Eosinophilic esophagitis (EoE) is an immune-mediated disorder triggered by food or other environmental antigens. EoE presents with food impaction and dysphagia in adults. In children, the symptoms may be more diverse including failure to thrive, vomiting, gagging and gastroesophageal reflux-like symptoms. Overall, the prevalence of EoE in the general population is approximately 50 per 100,000. EoE is mediated by T helper cell 2 cytokines such as interleukin (IL)-4, IL-5 and IL-13, which promote eosinophil recruitment via eotaxin-3 (1).
The diagnosis of EoE depends on the presence of esophageal dysfunction symptoms, the exclusion of gastroesophageal reflux and the presence of 15 or more eosinophils per high-power microscopy field in esophageal biopsy, with the eosinophilia limited to the esophagus. Proton pump inhibitor-responsive EoE is also a recognized subgroup.

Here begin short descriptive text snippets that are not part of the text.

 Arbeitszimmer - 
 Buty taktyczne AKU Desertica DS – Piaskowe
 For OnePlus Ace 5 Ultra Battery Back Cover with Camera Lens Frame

Although EoE may present with normal endoscopic findings, characteristic endoscopic features are increasingly being recognized. These include esophageal rings, strictures, narrow-calibre esophagus, linear furrows, white plaques or exudates, and pallor or decreased vasculature. These findings help to diagnose EoE by guiding biopsy decisions and to assess a patient’s response to therapy (2). In a systematic review of endoscopic findings from patients with EoE, Kim et al (3) recently demonstrated a high pooled prevalence of at least one endoscopic finding in patients with EoE, although prevalence rates for individual findings varied and could be low. They concluded that individual endoscopic findings had high levels of specificity but low sensitivity, and the predictive values were inadequate for diagnostic purposes. Using high-resolution endoscopy with filter techniques or using confocal endomicroscopy may increase diagnostic yields, but endoscopist education and familiarity with the abnormalities may be crucial in not missing subtle abnormalities (Figure 1).
Figure 1)
Characteristic endoscopic appearance of eosinophilic esophagitis. Left: Pallor, decreased vasculature and subtle furrows – standard white light endoscopy. Middle: Multiple longitudinal furrows in the esophagus demonstrated with high-definition ...

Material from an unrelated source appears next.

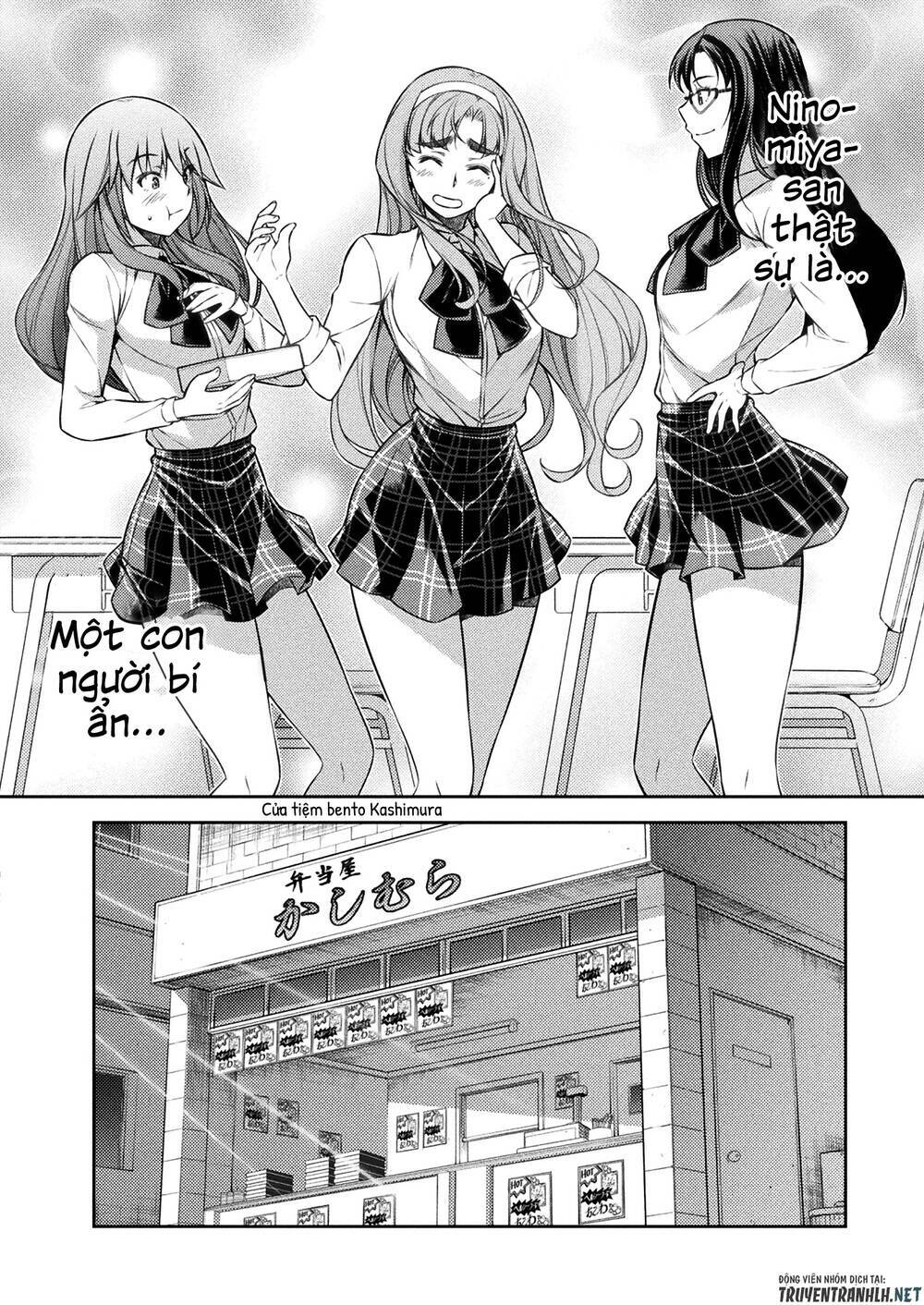 Silver Plan To Redo From Jk Chap 9 - Next Chap 10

The medical treatment of EoE is predominantly via use of topical steroids, either swallowed fluticasone or oral viscous budesonide; the latter may be more effective (4). Second-line medical therapies include systemic steroids and the leukotriene antagonist montelukast. Proton pump inhibitors may be useful because some patients are responsive. Esophageal strictures may be dilated at endoscopy followed by medical therapy (1). Such dilation may be as safe as dilating other benign strictures.

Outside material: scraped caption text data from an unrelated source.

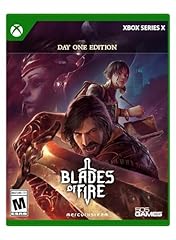 Blades fire day for sale  Delivered anywhere in USA 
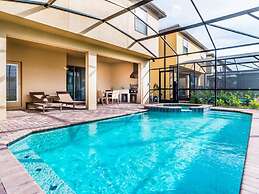 Ov4286 - Windsor At Westside - 6 Bed 4.5 Baths Villa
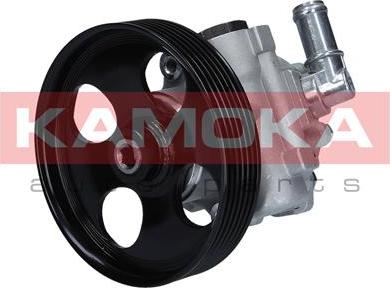 Kamoka PP063 - Pompe hydraulique, direction parts5.com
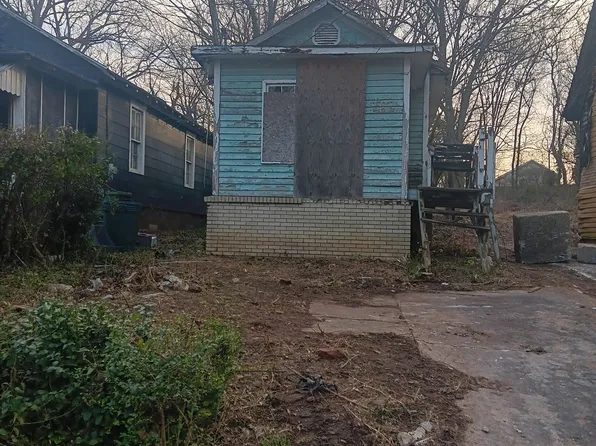 1122 SW West Ave, Atlanta, GA 30315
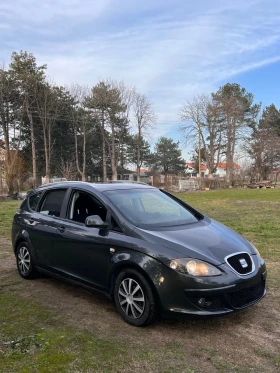 Seat Altea 2.0 TDI 140hp, снимка 2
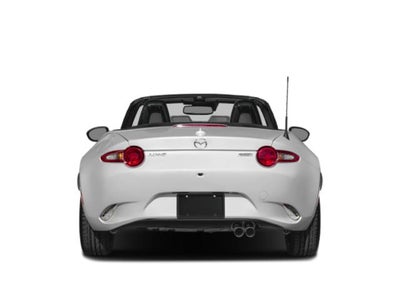 2019 Mazda Mazda MX-5 Miata Grand Touring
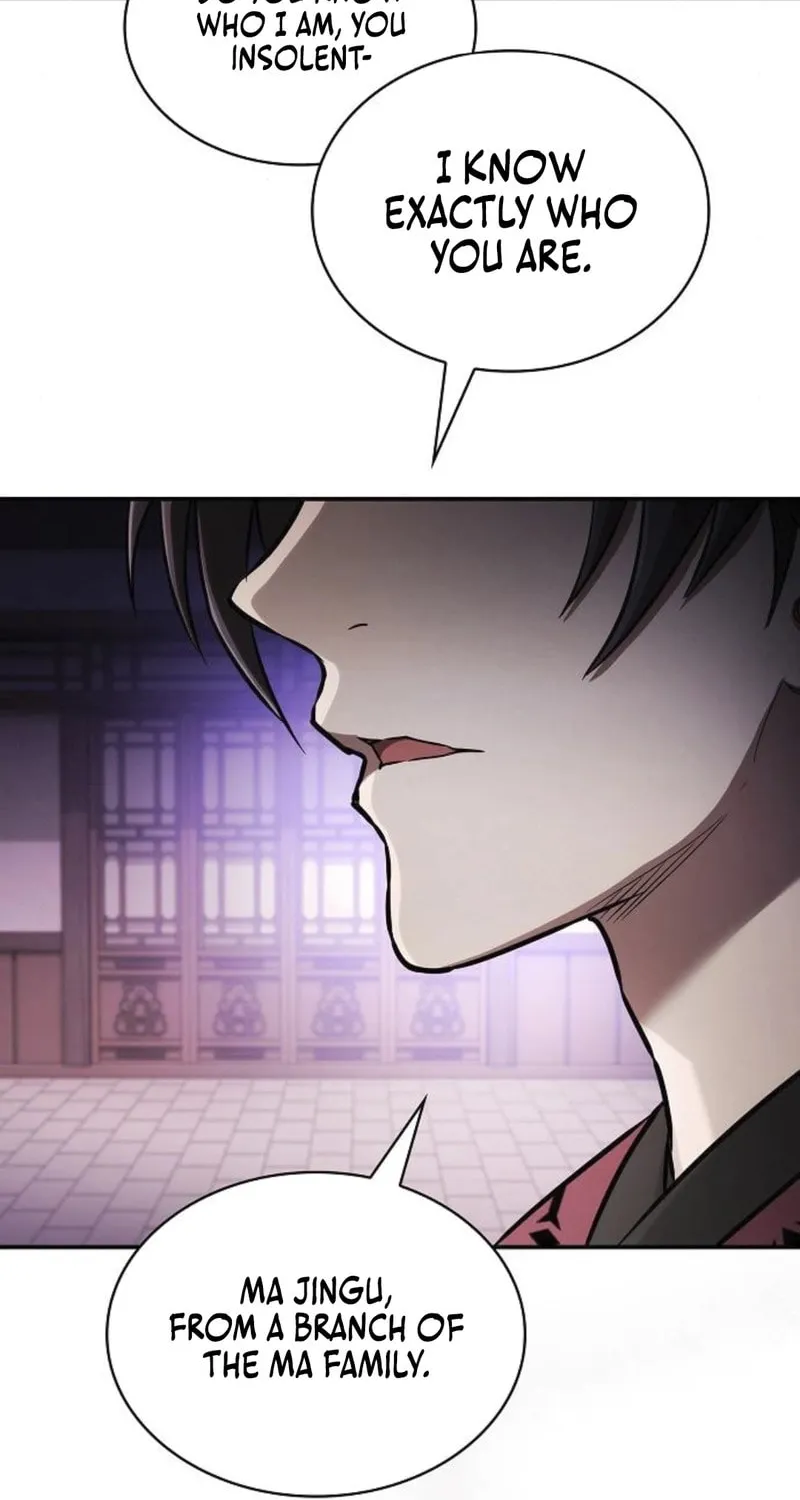 The Spy Life in the Demonic Sect Chapter 13 page 42 - 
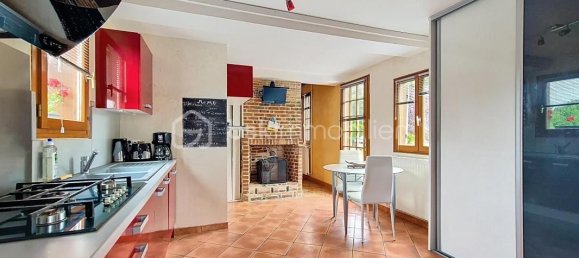5 غرف نوم منزل في Pont-l'Eveque, France رقم 356514 6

Elimination of putative food antigens is an attractive strategy in the management of EoE. In general, these strategies include an elemental diet, a six-food elimination diet (SFED) and targeted-elimination diet. In the current issue of the Canadian Journal of Gastroenterology, Abraham et al (5) (pages 521–524) reported the effect of a gluten-free diet on EoE in children with coexistent celiac disease and EoE. In only one of seven patients, could histological remission of EoE be demonstrated. The pathogenesis of celiac disease and EoE appear to be distinct; it is unlikely that gluten is an incriminating allergen in the majority of patients with EoE. In children with EoE, an elemental diet is widely used. More studies are required both in children and in adults to identify incriminating food antigens or allergens in EoE to develop acceptable dietary therapy for EoE. The elemental diet, which was first used to treat children with Crohn disease, appears to be extremely effective in EoE, but the therapy is expensive and adherence in adults may be problematic. The SFED eliminates the common food allergens milk, wheat, eggs, soy, seafood and nuts. In adults, a SFED for six weeks resulted in symptomatic improvement in 94% and histological remission in 64% of pateints, respectively. Based on re-introduction of eliminated foods, wheat and milk were most commonly incriminated in the recurrence of EoE (6). However, in view of the observation by Abraham et al, it appears that gluten is not the incriminating allergen in wheat in the majority of patients. In adults, the skin prick test was poorly predictive of incriminating food items. In children, the skin prick test and atopy patch test were found to have high negative predictive value and, using these tests, led to elimination of fewer food items but comparable efficacy to empirical elimination diets (7).
A combination of topical steroids and dietary therapy in adults has not been systematically tested but may be an attractive option. In view of the fact that viscous topical steroid therapy may be more effective than nebulized steroid therapy in EoE, a change in practice is required – we need to advocate for the availability of such pharmaceutical products. Most physicians in Canada use swallowed aerosolized fluticasone with occasional use of local pharmacy-prepared viscous budesonide – dietary therapy is rarely used in adults. This is an area in which dieticians may have an important role. We need Canadian guidance and recommendations regarding uniform diagnostic and therapeutic algorithms both in children and in adults with EoE because every gastroenterologist now should be competent in managing this condition.